▶ [Exercise]: Reproduce all the entries exactly.

▶ [Source material]:
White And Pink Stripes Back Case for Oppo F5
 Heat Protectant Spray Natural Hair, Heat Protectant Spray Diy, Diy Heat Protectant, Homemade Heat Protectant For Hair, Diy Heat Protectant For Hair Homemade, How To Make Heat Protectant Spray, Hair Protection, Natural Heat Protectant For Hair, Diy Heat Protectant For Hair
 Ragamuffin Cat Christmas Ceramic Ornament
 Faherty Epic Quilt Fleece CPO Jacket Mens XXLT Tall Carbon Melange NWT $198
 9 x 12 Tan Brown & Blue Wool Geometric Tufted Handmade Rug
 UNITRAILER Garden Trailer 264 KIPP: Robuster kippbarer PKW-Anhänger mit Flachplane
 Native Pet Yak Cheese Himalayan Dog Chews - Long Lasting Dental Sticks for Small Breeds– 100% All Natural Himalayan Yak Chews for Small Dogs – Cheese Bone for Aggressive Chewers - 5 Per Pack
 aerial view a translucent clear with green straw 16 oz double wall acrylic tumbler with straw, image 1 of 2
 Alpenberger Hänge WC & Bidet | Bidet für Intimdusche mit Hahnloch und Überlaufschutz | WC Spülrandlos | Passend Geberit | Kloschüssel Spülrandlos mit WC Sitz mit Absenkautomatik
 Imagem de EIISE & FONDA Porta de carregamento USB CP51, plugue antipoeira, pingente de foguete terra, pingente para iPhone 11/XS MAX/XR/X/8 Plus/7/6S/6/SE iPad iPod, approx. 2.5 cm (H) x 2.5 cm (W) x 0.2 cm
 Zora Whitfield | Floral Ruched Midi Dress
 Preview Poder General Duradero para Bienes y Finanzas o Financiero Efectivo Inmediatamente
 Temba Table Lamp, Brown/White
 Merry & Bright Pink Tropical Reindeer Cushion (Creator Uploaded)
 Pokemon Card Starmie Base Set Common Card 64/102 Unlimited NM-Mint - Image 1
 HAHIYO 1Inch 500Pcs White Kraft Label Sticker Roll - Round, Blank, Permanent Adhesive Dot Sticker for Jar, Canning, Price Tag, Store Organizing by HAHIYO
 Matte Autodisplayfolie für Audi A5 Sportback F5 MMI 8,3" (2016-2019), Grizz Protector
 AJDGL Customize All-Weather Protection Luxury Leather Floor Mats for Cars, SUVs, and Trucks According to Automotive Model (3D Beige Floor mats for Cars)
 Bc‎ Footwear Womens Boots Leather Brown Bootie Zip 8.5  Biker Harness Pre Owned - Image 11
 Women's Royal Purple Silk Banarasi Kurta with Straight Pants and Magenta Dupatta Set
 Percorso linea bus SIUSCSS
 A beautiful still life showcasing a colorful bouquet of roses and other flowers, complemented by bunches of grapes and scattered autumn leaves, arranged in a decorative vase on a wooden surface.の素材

▶ [Written response]:
White And Pink Stripes Back Case for Oppo F5
 Heat Protectant Spray Natural Hair, Heat Protectant Spray Diy, Diy Heat Protectant, Homemade Heat Protectant For Hair, Diy Heat Protectant For Hair Homemade, How To Make Heat Protectant Spray, Hair Protection, Natural Heat Protectant For Hair, Diy Heat Protectant For Hair
 Ragamuffin Cat Christmas Ceramic Ornament
 Faherty Epic Quilt Fleece CPO Jacket Mens XXLT Tall Carbon Melange NWT $198
 9 x 12 Tan Brown & Blue Wool Geometric Tufted Handmade Rug
 UNITRAILER Garden Trailer 264 KIPP: Robuster kippbarer PKW-Anhänger mit Flachplane
 Native Pet Yak Cheese Himalayan Dog Chews - Long Lasting Dental Sticks for Small Breeds– 100% All Natural Himalayan Yak Chews for Small Dogs – Cheese Bone for Aggressive Chewers - 5 Per Pack
 aerial view a translucent clear with green straw 16 oz double wall acrylic tumbler with straw, image 1 of 2
 Alpenberger Hänge WC & Bidet | Bidet für Intimdusche mit Hahnloch und Überlaufschutz | WC Spülrandlos | Passend Geberit | Kloschüssel Spülrandlos mit WC Sitz mit Absenkautomatik
 Imagem de EIISE & FONDA Porta de carregamento USB CP51, plugue antipoeira, pingente de foguete terra, pingente para iPhone 11/XS MAX/XR/X/8 Plus/7/6S/6/SE iPad iPod, approx. 2.5 cm (H) x 2.5 cm (W) x 0.2 cm
 Zora Whitfield | Floral Ruched Midi Dress
 Preview Poder General Duradero para Bienes y Finanzas o Financiero Efectivo Inmediatamente
 Temba Table Lamp, Brown/White
 Merry & Bright Pink Tropical Reindeer Cushion (Creator Uploaded)
 Pokemon Card Starmie Base Set Common Card 64/102 Unlimited NM-Mint - Image 1
 HAHIYO 1Inch 500Pcs White Kraft Label Sticker Roll - Round, Blank, Permanent Adhesive Dot Sticker for Jar, Canning, Price Tag, Store Organizing by HAHIYO
 Matte Autodisplayfolie für Audi A5 Sportback F5 MMI 8,3" (2016-2019), Grizz Protector
 AJDGL Customize All-Weather Protection Luxury Leather Floor Mats for Cars, SUVs, and Trucks According to Automotive Model (3D Beige Floor mats for Cars)
 Bc‎ Footwear Womens Boots Leather Brown Bootie Zip 8.5  Biker Harness Pre Owned - Image 11
 Women's Royal Purple Silk Banarasi Kurta with Straight Pants and Magenta Dupatta Set
 Percorso linea bus SIUSCSS
 A beautiful still life showcasing a colorful bouquet of roses and other flowers, complemented by bunches of grapes and scattered autumn leaves, arranged in a decorative vase on a wooden surface.の素材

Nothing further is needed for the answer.